ACTIVITY: Using the records below, output the stretch that opens with the line containing "Now here you" and closes with the line containing "Finally, the last", exactly and including both lines, with nothing more.

PROVIDED DATA:
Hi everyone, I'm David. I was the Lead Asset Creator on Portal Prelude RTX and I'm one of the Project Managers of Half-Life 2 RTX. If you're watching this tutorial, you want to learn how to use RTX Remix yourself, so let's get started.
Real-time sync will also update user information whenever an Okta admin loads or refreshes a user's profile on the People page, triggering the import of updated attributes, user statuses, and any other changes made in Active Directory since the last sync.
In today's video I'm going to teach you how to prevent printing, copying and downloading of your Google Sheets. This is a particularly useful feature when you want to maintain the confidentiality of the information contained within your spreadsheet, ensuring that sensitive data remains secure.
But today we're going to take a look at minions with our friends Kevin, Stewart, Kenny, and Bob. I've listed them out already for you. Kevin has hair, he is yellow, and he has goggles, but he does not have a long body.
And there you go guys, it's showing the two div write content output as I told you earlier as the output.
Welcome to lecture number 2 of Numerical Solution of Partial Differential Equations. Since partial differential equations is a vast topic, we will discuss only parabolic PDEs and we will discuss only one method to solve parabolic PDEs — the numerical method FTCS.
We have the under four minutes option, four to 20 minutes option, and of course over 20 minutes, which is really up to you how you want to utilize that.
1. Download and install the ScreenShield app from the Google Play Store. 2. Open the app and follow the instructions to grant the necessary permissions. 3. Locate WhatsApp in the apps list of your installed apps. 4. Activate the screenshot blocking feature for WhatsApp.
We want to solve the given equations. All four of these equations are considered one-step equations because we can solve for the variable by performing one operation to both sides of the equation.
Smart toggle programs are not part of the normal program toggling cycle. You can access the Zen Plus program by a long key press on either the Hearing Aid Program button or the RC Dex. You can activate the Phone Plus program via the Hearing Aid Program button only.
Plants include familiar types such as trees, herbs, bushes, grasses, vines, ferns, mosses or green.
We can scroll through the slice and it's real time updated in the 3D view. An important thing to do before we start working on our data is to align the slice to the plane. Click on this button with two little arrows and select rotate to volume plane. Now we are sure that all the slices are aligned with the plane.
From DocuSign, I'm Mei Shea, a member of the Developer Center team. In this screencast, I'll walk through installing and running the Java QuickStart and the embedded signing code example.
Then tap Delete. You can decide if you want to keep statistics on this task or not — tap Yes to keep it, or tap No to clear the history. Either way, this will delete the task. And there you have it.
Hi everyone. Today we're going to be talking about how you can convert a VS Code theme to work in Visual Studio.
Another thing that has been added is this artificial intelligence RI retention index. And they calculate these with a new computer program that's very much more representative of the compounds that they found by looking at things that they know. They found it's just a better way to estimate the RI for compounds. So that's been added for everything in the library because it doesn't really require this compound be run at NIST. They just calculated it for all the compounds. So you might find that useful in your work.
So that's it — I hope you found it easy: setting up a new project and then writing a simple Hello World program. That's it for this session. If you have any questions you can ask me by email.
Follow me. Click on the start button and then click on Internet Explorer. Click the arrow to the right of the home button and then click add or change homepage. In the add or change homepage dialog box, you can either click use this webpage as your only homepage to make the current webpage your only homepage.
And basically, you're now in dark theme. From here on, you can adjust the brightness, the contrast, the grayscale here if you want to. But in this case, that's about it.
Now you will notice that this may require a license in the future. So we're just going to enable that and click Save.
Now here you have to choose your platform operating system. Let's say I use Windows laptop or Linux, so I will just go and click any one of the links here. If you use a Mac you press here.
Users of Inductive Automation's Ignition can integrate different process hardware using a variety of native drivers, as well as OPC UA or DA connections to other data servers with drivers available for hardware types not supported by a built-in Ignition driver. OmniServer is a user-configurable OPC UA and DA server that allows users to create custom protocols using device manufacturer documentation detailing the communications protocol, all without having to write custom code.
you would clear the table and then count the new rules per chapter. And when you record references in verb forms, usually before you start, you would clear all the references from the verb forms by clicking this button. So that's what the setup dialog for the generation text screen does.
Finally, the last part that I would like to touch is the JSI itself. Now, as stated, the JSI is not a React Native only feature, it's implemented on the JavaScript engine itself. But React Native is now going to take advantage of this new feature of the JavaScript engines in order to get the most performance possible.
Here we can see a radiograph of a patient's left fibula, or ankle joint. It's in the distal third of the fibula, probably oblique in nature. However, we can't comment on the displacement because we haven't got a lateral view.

TASK RESPONSE:
Now here you have to choose your platform operating system. Let's say I use Windows laptop or Linux, so I will just go and click any one of the links here. If you use a Mac you press here.
Users of Inductive Automation's Ignition can integrate different process hardware using a variety of native drivers, as well as OPC UA or DA connections to other data servers with drivers available for hardware types not supported by a built-in Ignition driver. OmniServer is a user-configurable OPC UA and DA server that allows users to create custom protocols using device manufacturer documentation detailing the communications protocol, all without having to write custom code.
you would clear the table and then count the new rules per chapter. And when you record references in verb forms, usually before you start, you would clear all the references from the verb forms by clicking this button. So that's what the setup dialog for the generation text screen does.
Finally, the last part that I would like to touch is the JSI itself. Now, as stated, the JSI is not a React Native only feature, it's implemented on the JavaScript engine itself. But React Native is now going to take advantage of this new feature of the JavaScript engines in order to get the most performance possible.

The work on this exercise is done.